No more second-guessing, no worrying about the judgment of others. After that moment: pure creation.

For nothing,nowhere., the musical endeavor of Vermont songwriter, singer and guitarist Joe Mulherin, that turning point came midway through recording 'Ruiner', his second album. The musician decamped to New York City, where he spent three months in early 2018 writing and recording the new songs with a vision of staying completely true to himself as an artist. During the process, as moody, shimmering number 'Rejecter' came into being, nothing,nowhere. decided he had to liberate himself from outside forces.

"I was very anxious and very overwhelmed and feeling the weight of expectation on me," he says. "But I think it lent well to the overall sound of the album. Those feelings became so heavy that I had to let them go. Me letting go and taking a deep breath allowed the album to emerge. It was born out of those feelings."

'Ruiner', which follows 2017's breakout album 'Reaper', wasn't planned out or filtered through a long series of revisions. The musician brought pieces of paper covered in broken sentences into the studio, each revealing a fragment of a feeling he'd experienced at some point in the past year. In the room, on the spot, these fragments grew into whole songs, built from an in-the-moment release of melody and lyrics. Several producers, including Jay Vee and Falls, helped nothing,nowhere. find the best way to sonically express each idea, which center on the idea of change. Many tracks took shape quickly, each in a single day.

"I wanted to get back to the basics and back to why I fell in love with music," the musician says. "It's a place where I can truly be myself. No preconceived thoughts. Go in there and treat it like a meditative, Zen experience. This album is like a diary of where I am in my life right now. I've worked my entire life to be here, but now that I'm here I don't really know what to do. The pressure is immense. Things are changing and I'm not used to change. 'Ruiner' is about coping with change and learning to move forward when your life isn't the same as it used to be."

From 'Hammer,' a pulsating number that embraces positivity in a way nothing,nowhere. hasn't in the past, to 'Waster,' which combines current influences like Frank Ocean and James Blake with the second wave emo the musician coveted growing up, the album reflects an artist who is at a crossroads. These songs step forward from 'Reaper', a release that established nothing,nowhere. as a musician inspired by a childhood spent in nature around Massachusetts and Vermont, and who grew up admiring bands like Dashboard Confessional and The Early November. 'Ruiner', which purposefully doesn't feature any guest appearances, pushes nothing,nowhere. to the next level, reminding listeners that it's possible to take on the many influences of your past and create something truly genreless.

For nothing,nowhere., music is about a connection. It's one he finds with fans around the world, who gather to see him play on tour and to listen to his songs online. It's that connection that urges the singer to ignore his fear of performing live and step onstage each night anyway.
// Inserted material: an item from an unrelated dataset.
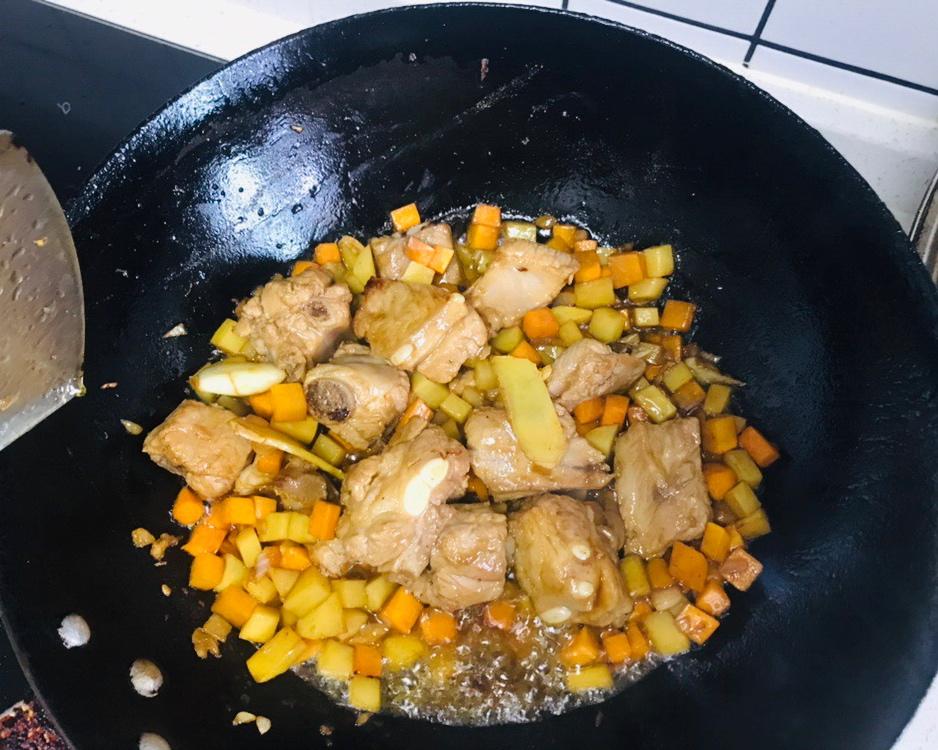 排骨米饭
He works with the Trust for Public Land, a nonprofit that endeavors to conserve and protect public land, which is also about connection, both with nature and with human society. The reason nothing,nowhere. brings his songs out of the Vermont wildness and out of himself is because they have the potential to make a change, however small it may be.

"I just want to keep helping people with my music," he says. "I want to create substantive change through music. My lyrics have a lot of imagery dealing with anxiety and depression, and I've met a lot of people on tour who are struggling with that as well. I want people to know they're not alone. Music can help people feel less isolated. For me, it's amazing feeling to help someone and I hope that's what 'Ruiner' can do."